After reading through the Shite ‘n’ Onions review of Prydein’s Loud Pipes I was mighty intrigued. This sounded like a combination of two of my favorites styles of music; Celtic folk-punk and Classic Rock. And although the band does dip a toe into the pools of funk, ska, rockabilly, metal, and of course, Celtic music, they are at their heart a rock band.
The band, Prydein, is comprised of the bass, drums, and guitar line-up with the addition of not one, but two Great Highland Bagpipes players, and, as the disc title may suggest, the pipes are very predominantly featured throughout this release, taking a break on only two of the tracks, both uniquely arranged traditionals; the swinging rockabilly of ‘The Wild Rover’, and a laid-back, strolling ‘Nancy Whiskey’, with the latter tagging-in the tin whistle for ornamentation.

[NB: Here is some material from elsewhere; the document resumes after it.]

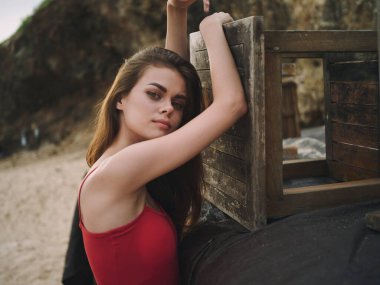 Sahilde deniz gezisinde hüzünlü bir portresi olan genç bir kadın. Yüksek kalite fotoğraf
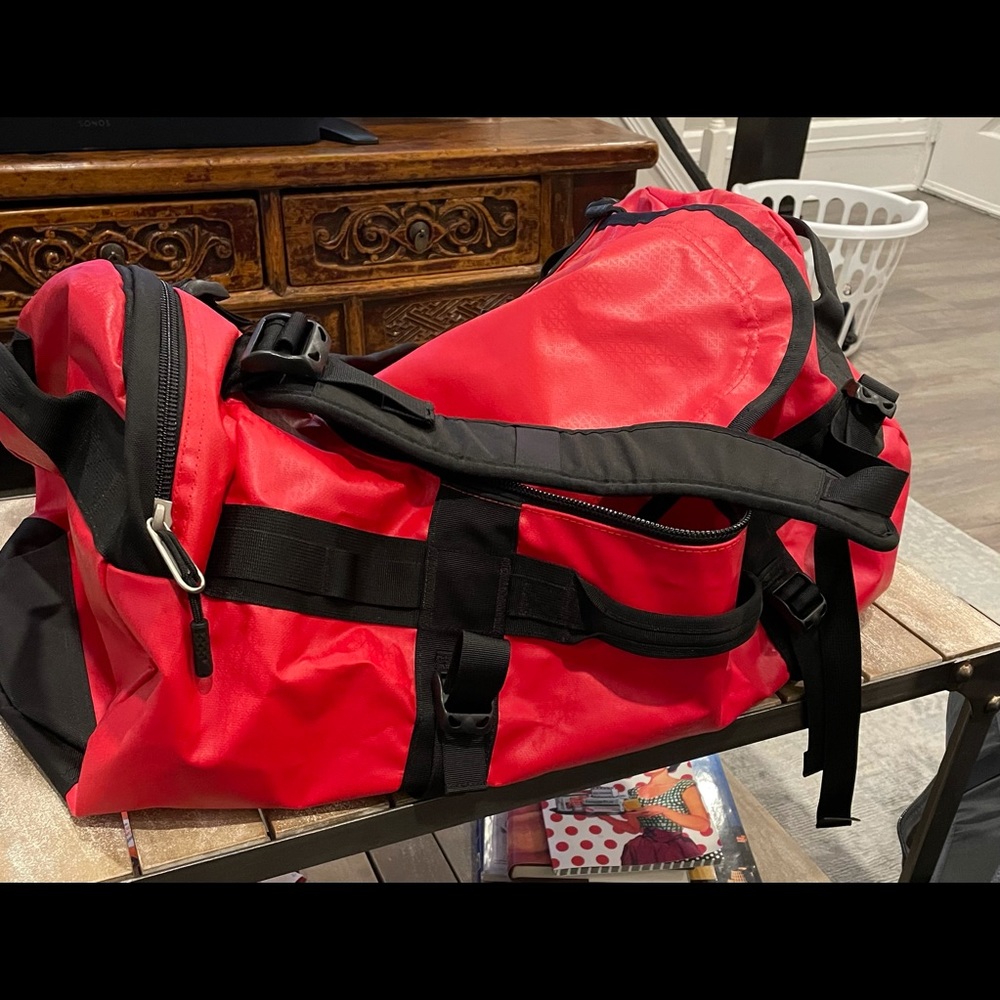 North face base camp duffel- medium, red.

The CD runs the gamut from these traditional songs to a cover of Slade’s ‘Run Runaway’ (that almost smiles in pride of itself, and at what it has become,) to the delicate weaving of ‘Aria’s Waltz’, and wrapping the whole package up with a medley called ‘Stairway to Scotland’ that takes ‘Amazing Grace’ and ‘Scotland the Brave’ to a place more suited to crowd-surfing than funereal melancholy.
With seven of the eleven tracks being instrumentals, it is clear that the pipes do the talking for the lion’s share of the CD. But they a do have a lot to say, occasionally trading off licks with a lead guitar, with the band’s rhythm section provides a rock-steady forum for them to say it.
Most impressively, for me, anyways, is just how everything seems to fit together. Each tune/song gets a unique treatment from the band, but nothing seems unnatural or forced. All elements come together in a very organic mixture that covers a lot of ground but still remains securely in rock’s embrace.
My personal fave: Probably “The $17.00 Red Head.” It’s snaking shuffle-beat, a lazy, urban-groovin’ bass line and some sweet wah-wah guitar set an unlikely stage for a dueling-bagpipe melody that just keeps on building.